Şifacı Krallar
Tarihçiliğin edebî bir tür olmaktan bilimsel bir disiplin olmaya giden hikâyesi nefes kesici bir macerayı içermektedir. Bu macera, efsane ile gerçeğin ayrıştırılmasını ve efsanenin ait olduğu yere, yani edebiyata gönderilmesini kapsamaktadır.
Bu işin kolay olduğunu ve tamamen başarıldığını kimse söyleyemez. Açıkçası, dünya tarih yazınının hâlâ çok büyük bir bölümü bilimsellikten uzak ve efsaneye dayalı olmayı sürdürmektedir.

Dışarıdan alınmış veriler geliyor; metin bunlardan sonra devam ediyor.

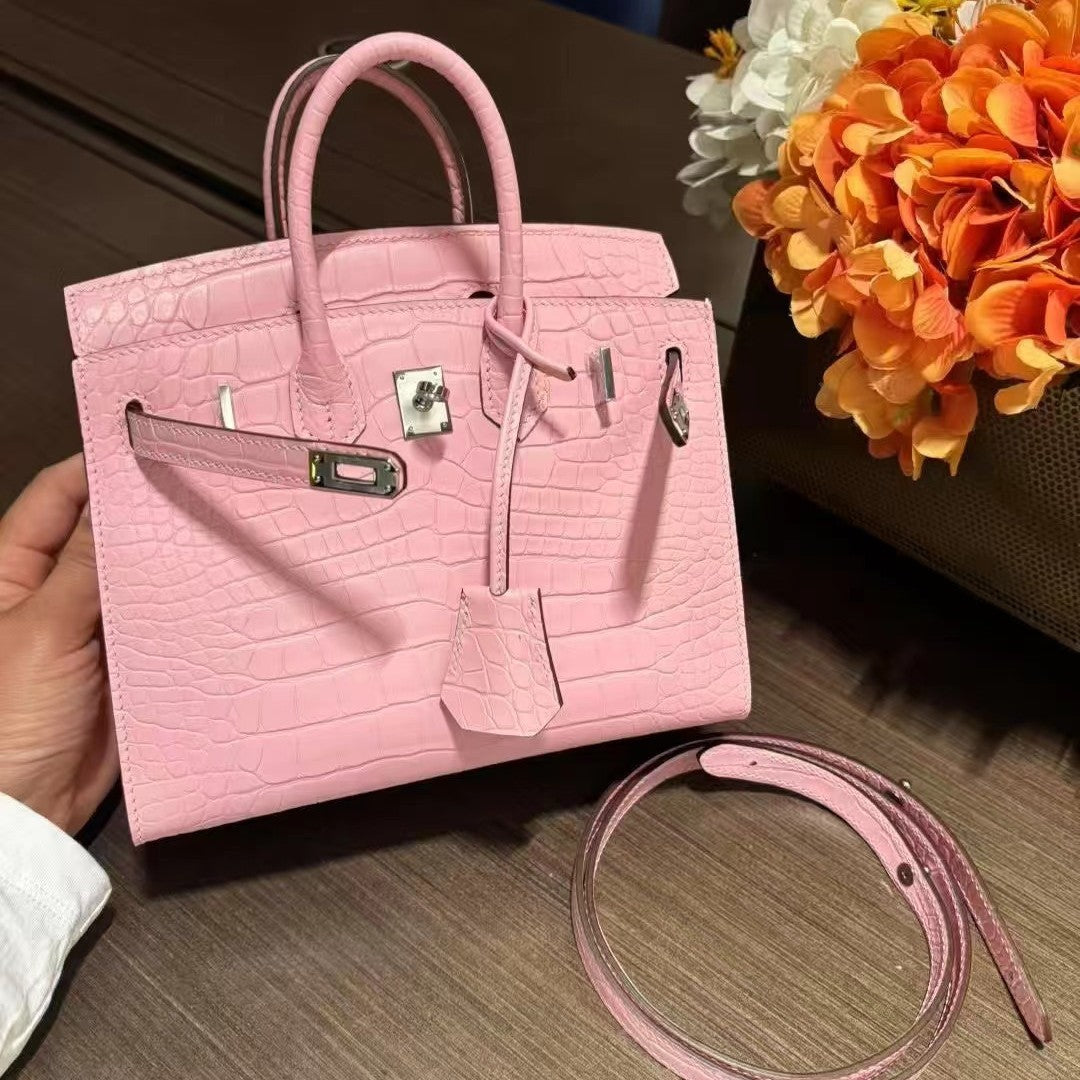 Genuine Leather Crocodile-Embossed Birkin-Style Bag for Women, Hand-Stitched Waxed Thread Vintage Fashionable Tote, Large Capacity Versatile Top Handle Purse for Ladies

Dünya tarihçiliğinin en büyük ustalarından olan, tarih usulüne getirdiği yeniliklerle âdeta devrim yapan ve bütünsel tarih kavramıyla tarihçiliği çok yeni ve tamamen bilimsel bir yola sokan Marc Bloch, bu kitapta, özellikle İngiltere ve Fransa’da krallığı yüzyıllar boyunca ayakta tutan popüler bir inanışı inceliyor. Bu iki ülkede (ve diğerlerinde) kralların şifaigüçlerinin olduğu inancı, krallık iktidarı ile şifai güç arasında tam bir mütekabiliyet kurarken siyasal meşruiyeti bir hurafeye dayandırmaktadır. Yüzyıllar boyunca çok etkili olan bu hurafe, siyasal, ekonomik, toplumsal açılımlarıyla ve zihniyetler dünyası hakkındaki ipuçlarıyla neredeyse binyıllık bir Batı Avrupa tarihinin arka plan ögelerinden birini gün ışığına çıkartmaktadır.
1924’teki ilk yayımlanışından itibaren tarih alanında yeni perspektifler kazandıran Şifacı Krallar, yazarının kurucularından olduğu Annales Okulunun ilk eserlerinden birisidir. MarcBloch, kendi ifadeleriyle, sadece anekdot olarak kabul edilen materyallerle tarih yazmaya koyulmuş ve bibliyografyasıyla bile hazine niteliğindeki bu eseri meydana getirmiştir.
Sayılamayacak kadar çok basılı malzeme kullanımının yanı sıra tozlu arşivlerde geçirilen uzun saat, gün ve ayların muhassalası olan bu eser, okuyucuya tarihin bilim olma yönündeki çabasını da sergileyecektir.
Bilim adamının çalışma odasından çıkmayan bir kişi olduğu noktasındaki basmakalıp inancı da âdeta tıpkı hurafeye dayalı tarihi tahrip eder gibi yerle bir etmek istermişçesine MarcBloch, her iki dünya savaşında da vatanını savunmuş ve sonunda istilacıya karşı soylu direnmesi esnasında kurşuna dizilerek bu dünyadan ayrılmıştır.